J'avais un rêve, Victor. Celui d'une famille Ricoré. Qu'est-ce qu'une "famille Ricoré" ? Une famille unie. Complice. Qui dialogue. Une maison pleine de rires. Une maison bavarde. Une vie simple, heureuse, de l'amour à revendre.
Ma famille était presque conforme à mon rêve. Presque. Par éclairs. De grands moments de rire, de joies partagées. Presque. Qu'essaies-tu de me dire, Mirabelle ? J'essaie de te dire que ma mère cherche un appartement. Oui, tu as bien compris... Mes parents vont sans doute se séparer, Victor. Je ne sais pas quoi te dire... Alors, ne dis rien, s'il te plaît. Ne dis rien. Cela va peut être s'arranger... Cela s'est toujours arrangé. Nous sommes une famille atypique, tu sais, Victor. Beaucoup d'amour. Enormément. Mais aussi beaucoup de vaisselle qui casse. Beaucoup de cris. De pleurs. De drames.

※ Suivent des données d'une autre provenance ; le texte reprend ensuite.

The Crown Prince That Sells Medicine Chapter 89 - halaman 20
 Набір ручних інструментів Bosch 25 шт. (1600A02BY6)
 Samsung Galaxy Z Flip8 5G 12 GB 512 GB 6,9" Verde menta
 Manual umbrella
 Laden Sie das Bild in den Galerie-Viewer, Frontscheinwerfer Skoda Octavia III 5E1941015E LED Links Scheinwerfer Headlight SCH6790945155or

De colère. C'est ça, aussi, notre famille...
Des parents qui se disputent depuis que je suis enfant. Cette angoisse, que j'ai gardée. C'est sans doute ridicule. J'ai vingt-deux ans, désormais. Ma vie à construire. Mais il me semble parfois que je ne suis encore qu'une toute petite fille, qui aime ses parents si fort qu'elle ne supporte pas l'idée de leur séparation. Je m'en veux d'être ainsi, si tu savais... J'ai envie de me taper la tête contre les murs, de hurler : "Mais réveille-toi, Mirabelle ! Tu es adulte, maintenant !". J'entends encore J. me dire que je ne suis qu'une gamine qui s'accroche à son papa et à sa maman. Il n'a sans doute pas tort, du moins en partie... C'est vrai que, le peu de fois où tu m'as parlé de ta famille, j'ai senti chez toi une grande sensibilité, comme si vous étiez, tous les quatre, dans votre petite bulle. Elle est si fragile, cette bulle, Victor ! Si fragile...

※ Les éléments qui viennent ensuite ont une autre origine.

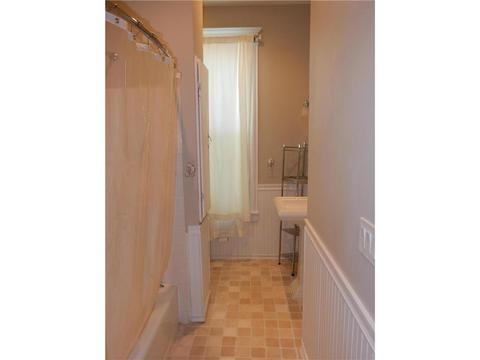 413 10th St NW, Willmar, MN 56201 photo 11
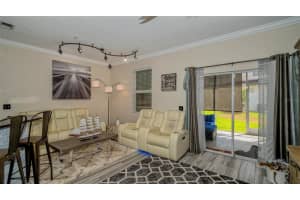 4007 FORISTALL AVENUE, SARASOTA, FL 34233 Sold 06/05/23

J'y tiens, moi, à cette petite bulle ! Je ne peux pas imaginer notre maison, plutôt petite d'ordinaire, si grande, soudain. Une maison à trois. D'une tristesse infinie. Tu sais, Victor, quand j'étais petite, j'aimais m'endormir en me disant que nous étions bien au chaud, tous les quatre, dans nos lits respectifs. J'entendais mes parents parler. Le son de leurs voix me berçait. J'avais confiance. Tu n'es plus une petite fille, Mirabelle... Je sais bien. Mais ce n'est pas si simple.

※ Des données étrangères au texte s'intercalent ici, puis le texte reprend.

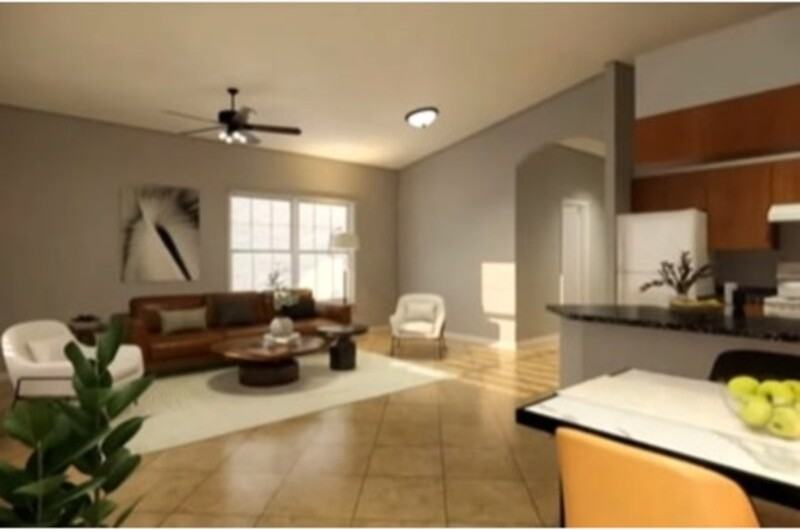 7894 Pinehurst Drive - Photo 7 of 9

Ma famille Ricoré, je voulais la perpétuer avec mes enfants, fière de leur montrer que l'amour, ça peut durer, et que leurs grands-parents en étaient un exemple frappant, bien qu'un peu... inhabituel. J'aurais été fière de venir déjeuner dans la maison de mon enfance, chaque dimanche. Mon mari, mes enfants, ma soeur, son mari, ses enfants, et nos parents, à l'autre bout de la table, les piliers de la famille, nos racines. On aurait raconté des souvenirs. Ce que j'aimais étant enfant. Le jour de ma naissance, celui de ma soeur, dont ma mère a déjà parlé cent fois mais dont je ne me lasse pas. Je tiens énormément à notre famille. Mais rien n'est encore fait, j'imagine... Elle n'a pas encore plié bagage, ta maman, si ? Non, pas encore. Elle s'éloigne, cependant. Les yeux dans le vague, l'air las...
Je me mêle sans doute de ce qui ne me regarde pas (quoi que si tu m'en parles, c'est pour que je m'en mêle un peu...), mais tu ne devrais pas prendre tout ça trop à coeur. Pense à toi, Mirabelle. A ton concours. A ton permis. A ta nouvelle chance avec J., à tes projets pour l'année prochaine... C'est ce que je devrais faire, en effet. Mais comment y parvenir, comment avancer quand il me semble que ma famille, que je considérais, malgré les nombreuses tempêtes, comme le vieux rafiot qui revient toujours à bon port, se décompose ? Si mes parents se séparent, c'est mes repères que je perds. Et c'est mon modèle familial, mon modèle de couple, qui sont à reconstruire. Irrémédiablement.